Re: [PATCH v4 5/5] unpack-objects: unpack_non_delta_entry() read data in a stream

Han Xin <chiyutianyi@xxxxxxxxx> · Tue, 7 Dec 2021 14:48:51 +0800

On Fri, Dec 3, 2021 at 10:29 PM Ævar Arnfjörð Bjarmason
<avarab@xxxxxxxxx> wrote:
>
>
> On Fri, Dec 03 2021, Han Xin wrote:
>
> > From: Han Xin <hanxin.hx@xxxxxxxxxxxxxxx>
> > [..]
> > +static void write_stream_blob(unsigned nr, unsigned long size)
> > +{
> > +     char hdr[32];
> > +     int hdrlen;
> > +     git_zstream zstream;
> > +     struct input_zstream_data data;
> > +     struct input_stream in_stream = {
> > +             .read = feed_input_zstream,
> > +             .data = &data,
> > +             .size = size,
> > +     };
> > +     struct object_id *oid = &obj_list[nr].oid;
> > +     int ret;
> > +
> > +     memset(&zstream, 0, sizeof(zstream));
> > +     memset(&data, 0, sizeof(data));
> > +     data.zstream = &zstream;
> > +     git_inflate_init(&zstream);
> > +
> > +     /* Generate the header */
> > +     hdrlen = xsnprintf(hdr, sizeof(hdr), "%s %"PRIuMAX, type_name(OBJ_BLOB), (uintmax_t)size) + 1;
> > +
> > +     if ((ret = write_loose_object(oid, hdr, hdrlen, &in_stream, 0, 0)))
> > +             die(_("failed to write object in stream %d"), ret);
> > +
> > +     if (zstream.total_out != size || data.status != Z_STREAM_END)
> > +             die(_("inflate returned %d"), data.status);
> > +     git_inflate_end(&zstream);
> > +
> > +     if (strict && !dry_run) {
> > +             struct blob *blob = lookup_blob(the_repository, oid);
> > +             if (blob)
> > +                     blob->object.flags |= FLAG_WRITTEN;
> > +             else
> > +                     die("invalid blob object from stream");
> > +     }
> > +     obj_list[nr].obj = NULL;
> > +}
>
> Just a side-note, I think (but am not 100% sure) that these existing
> occurances aren't needed due to our use of CALLOC_ARRAY():
>
>     diff --git a/builtin/unpack-objects.c b/builtin/unpack-objects.c
>     index 4a9466295ba..00b349412c5 100644
>     --- a/builtin/unpack-objects.c
>     +++ b/builtin/unpack-objects.c
>     @@ -248,7 +248,6 @@ static void write_object(unsigned nr, enum object_type type,
>                             die("failed to write object");
>                     added_object(nr, type, buf, size);
>                     free(buf);
>     -               obj_list[nr].obj = NULL;
>             } else if (type == OBJ_BLOB) {
>                     struct blob *blob;
>                     if (write_object_file(buf, size, type_name(type),
>     @@ -262,7 +261,6 @@ static void write_object(unsigned nr, enum object_type type,
>                             blob->object.flags |= FLAG_WRITTEN;
>                     else
>                             die("invalid blob object");
>     -               obj_list[nr].obj = NULL;
>             } else {
>                     struct object *obj;
>                     int eaten;
>
> The reason I'm noting it is that the same seems to be true of your new
> addition here.

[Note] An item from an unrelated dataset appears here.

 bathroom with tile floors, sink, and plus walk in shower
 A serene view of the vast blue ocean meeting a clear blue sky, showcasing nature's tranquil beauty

I.e. are these assignments to NULL needed?
>
> Anyway, the reason I started poking at this it tha this
> write_stream_blob() seems to duplicate much of write_object(). AFAICT
> only the writing part is really different, the part where we
> lookup_blob() after, set FLAG_WRITTEN etc. is all the same.
>
> Why can't we call write_object() here?
>
> The obvious answer seems to be that the call to write_object_file()
> isn't prepared to do the sort of streaming that you want, so instead
> you're bypassing it and calling write_loose_object() directly.
>
> I haven't tried this myself, but isn't a better and cleaner approach
> here to not add another meaning to what is_null_oid() means, but to just
> add a HASH_STREAM flag that'll get passed down as "unsigned flags" to
> write_loose_object()? See FLAG_BITS in object.h.
>
> Then the "obj_list[nr].obj" here could also become
> "obj_list[nr].obj.flags |= (1u<<12)" or whatever (but that wouldn't
> strictly be needed I think.
>
> But by adding the "HASH_STREAM" flag you could I think stop duplicating
> the "Generate the header" etc. here and call write_object_file_flags().
>
> I don't so much care about how it's done within unpack-objects.c, but
> not having another meaning to is_null_oid() in play would be really
> nice, and it this case it seems entirely avoidable.

I did refactor it according to your suggestions in my next patch version.
Using a HASH_STREAM tag is indeed a better way to deal with it, and it
can also reduce my refactor to the original contents.

Thanks.
-Han Xin